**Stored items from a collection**

_ _ _ _ _ _ _

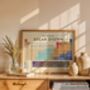 The Solar System Periodic Table Art Print, thumbnail 10 of 12
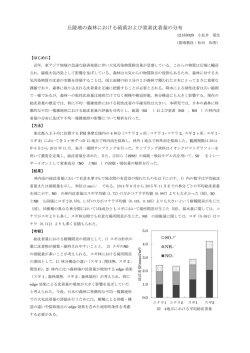 丘陵地の森林における硫黄および窒素沈着量の分布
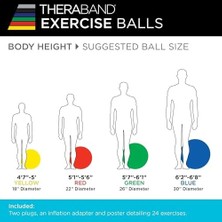 (Red - 55CM Diameter) - Theraband Exercise And Stability Ball - Pro Series 55 cm (Red)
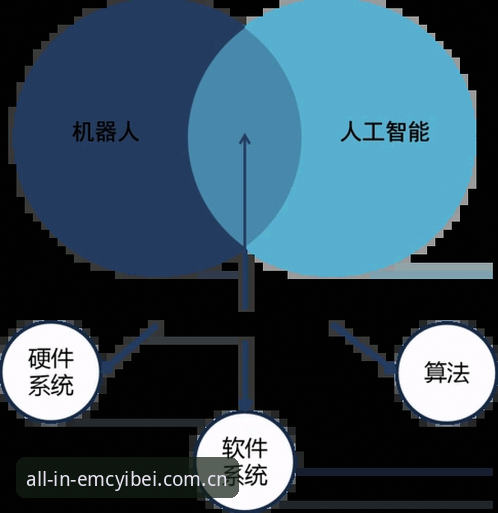emc易倍客服自助与人工对比：效率与深度的选择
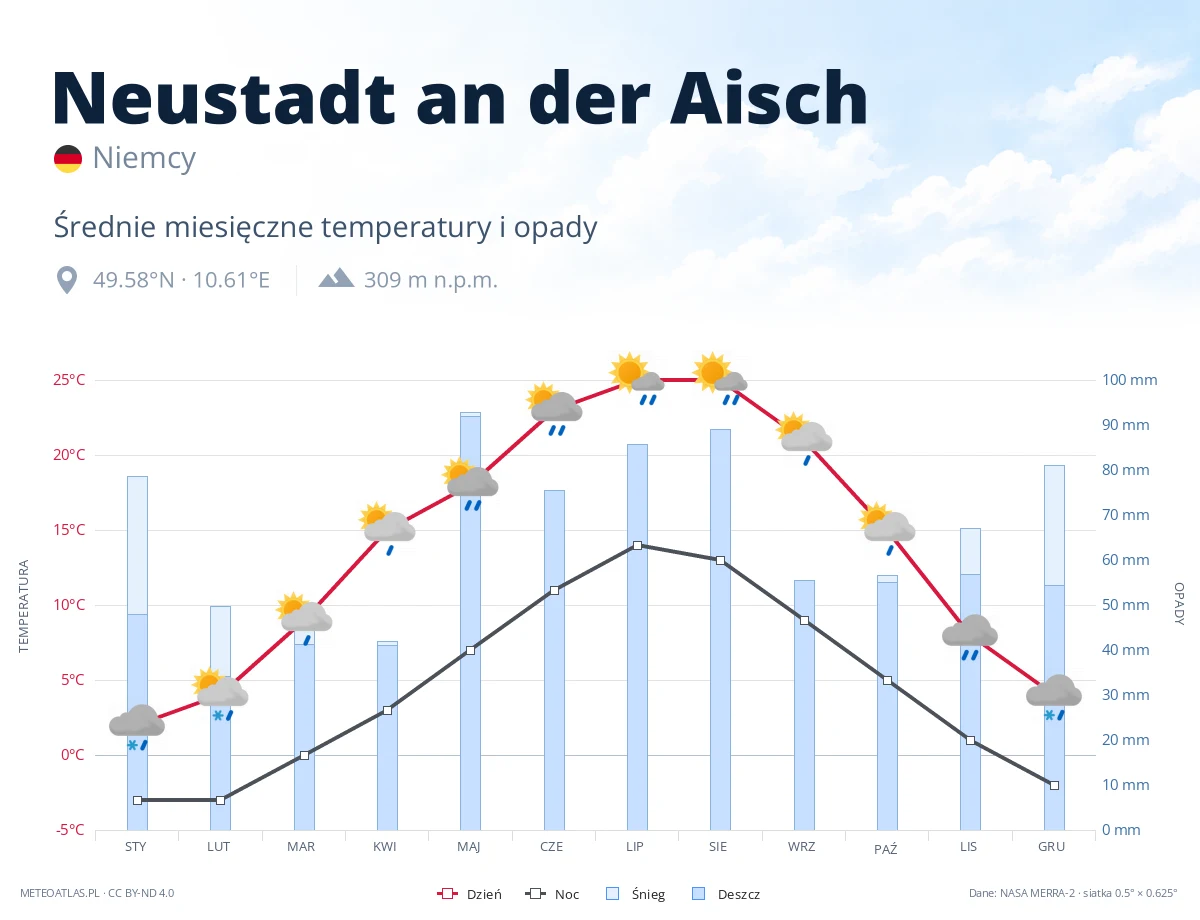 Neustadt an der Aisch - średnie miesięczne temperatury i opady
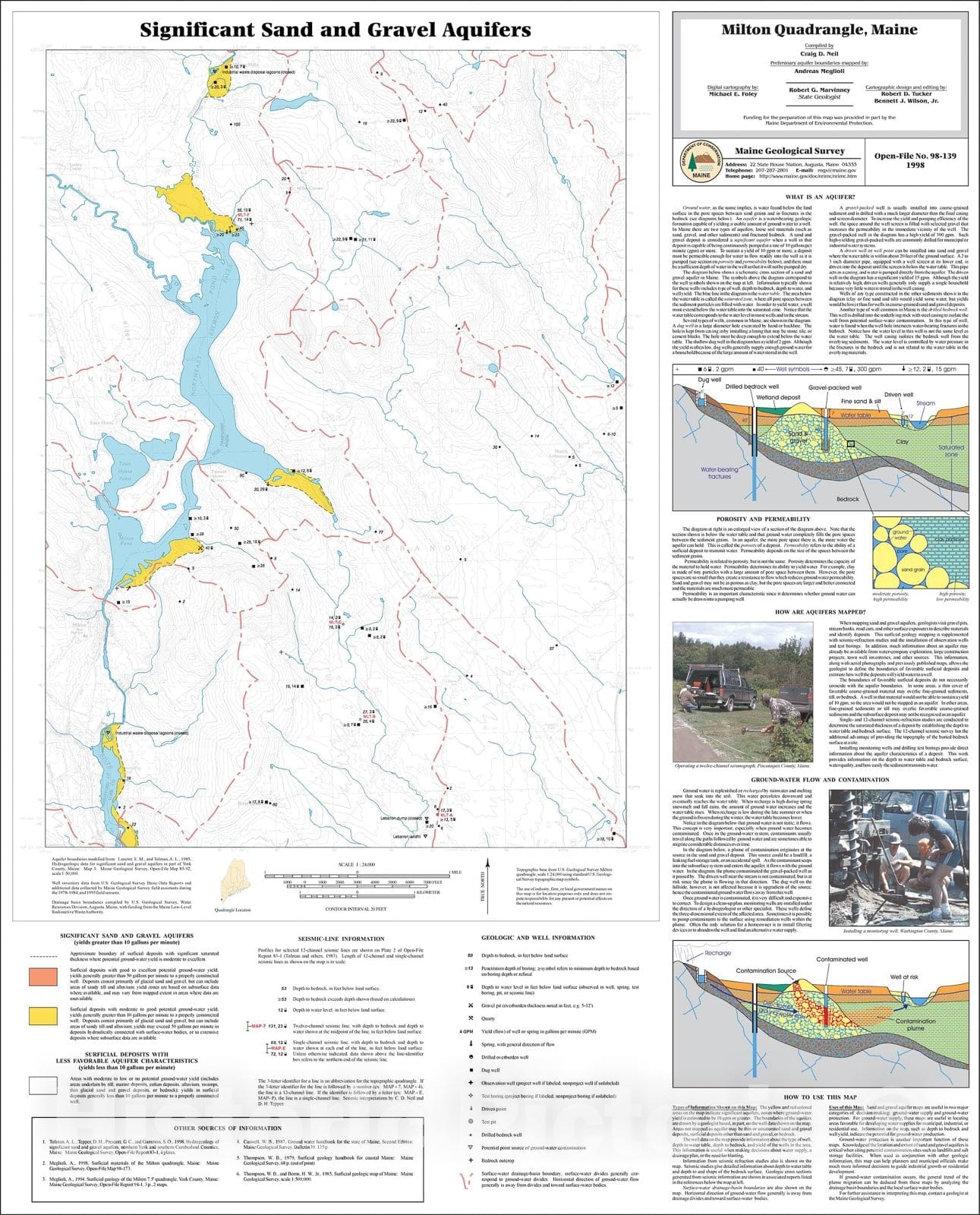 Map : Significant Sand and Gravel Aquifers in the Milton Quadrangle, Maine, 1998 Cartography Wall Art :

_ _ _ _ _ _ _

**What you need to do**
Write out exactly the lines from the one containing "emc易倍客服自助与人工对比：效率与深度的选择" to the last line of the records above, both included, and leave out any pictures.

**Written reply**
emc易倍客服自助与人工对比：效率与深度的选择
 Neustadt an der Aisch - średnie miesięczne temperatury i opady
 Map : Significant Sand and Gravel Aquifers in the Milton Quadrangle, Maine, 1998 Cartography Wall Art :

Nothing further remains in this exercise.